Good presentation by Superintendent Perry on what they would like to do up in Greenville…one wishes them the best of luck up there.

Back to the debate on charter schools, with Rep. Casavant leading off talking about how charter schools could complement the conventional public school system. Good points on how charter schools are an option, and how they involve the parents. Also good on how this is a whole different world than it was last year when charter school legislation was last heard.

Rep. Lovejoy against – in favor of innovative schools, but against charters. They would cost too much, seems to be the bulk of his argument.

Sen. Alfond against – the system we have is fine, thanks, and even if it is not, it will be because the committee passed some kind “multiple pathways” bill, whatever that is.

Sen. Schneider against – thinks the innovative school language is fine. Charter schools will be a problem for local school districts. 
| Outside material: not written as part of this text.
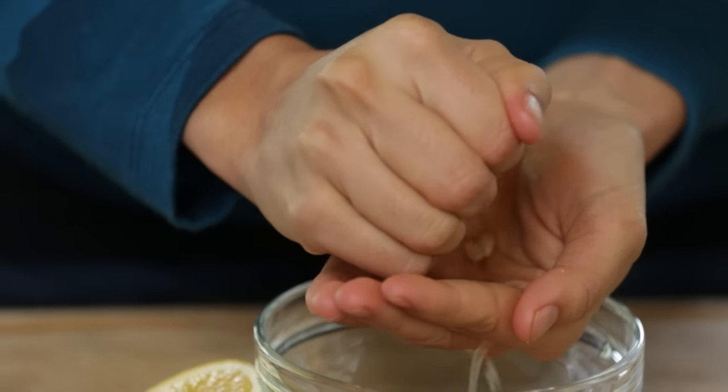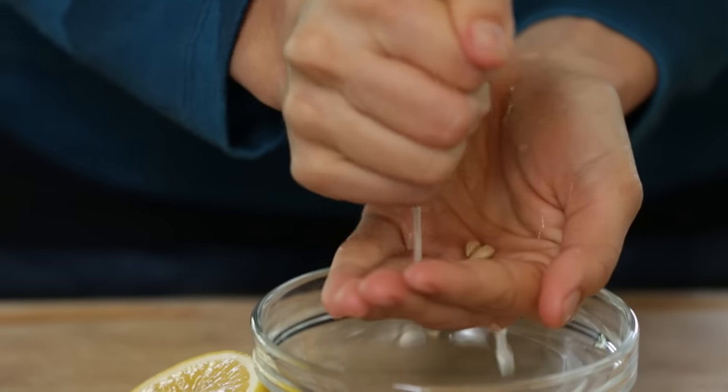Cut it in half and squeeze it over your hand so that your hand can catch any pips. And that's how you get lots of juice out of a lemon.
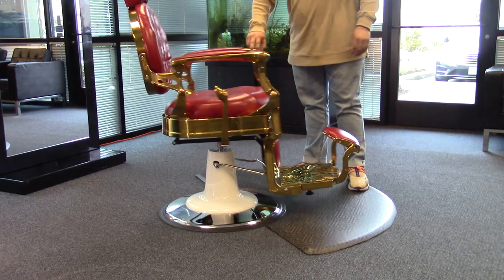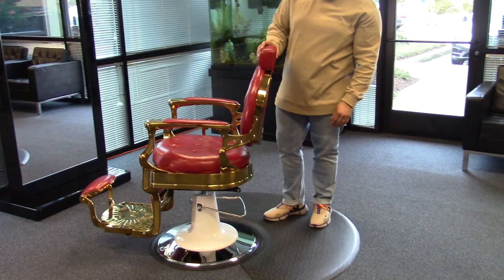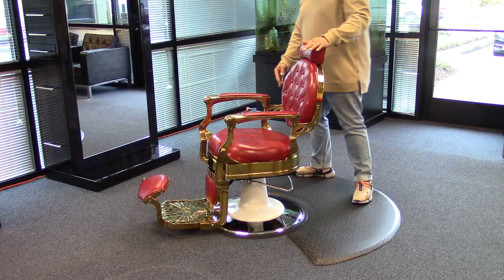This chair does rotate 360 degrees with a recline option, as well as an adjustable headrest, which can also be removed and easily inserted back in.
A problem for local school districts??

One of the things that the charter school movement is going to have to do is somehow create some space in people’s minds between what is in the best interest of kids and what is in the best interest of school districts. In the eyes of Sen. Schneider and others, those two things are the same thing.

Think of what she is saying. If a family decides that another school (a charter school, in this instance), is a better fit for their child and moves the child to the charter school, that should be forbidden – prohibited – because having the family do this is a problem for the school district. It is not a problem for the family and not a problem for the student, but a problem for the school district, therefore it must not be allowed. That is the interest that some – perhaps most – of the members of the committee hold paramount: what is in the best interest of the school district.

It is a testament to the forces of the status quo that they have convinced so many of these lawmakers that the lens through which they should view every school reform idea is whether or not it will benefit the school district.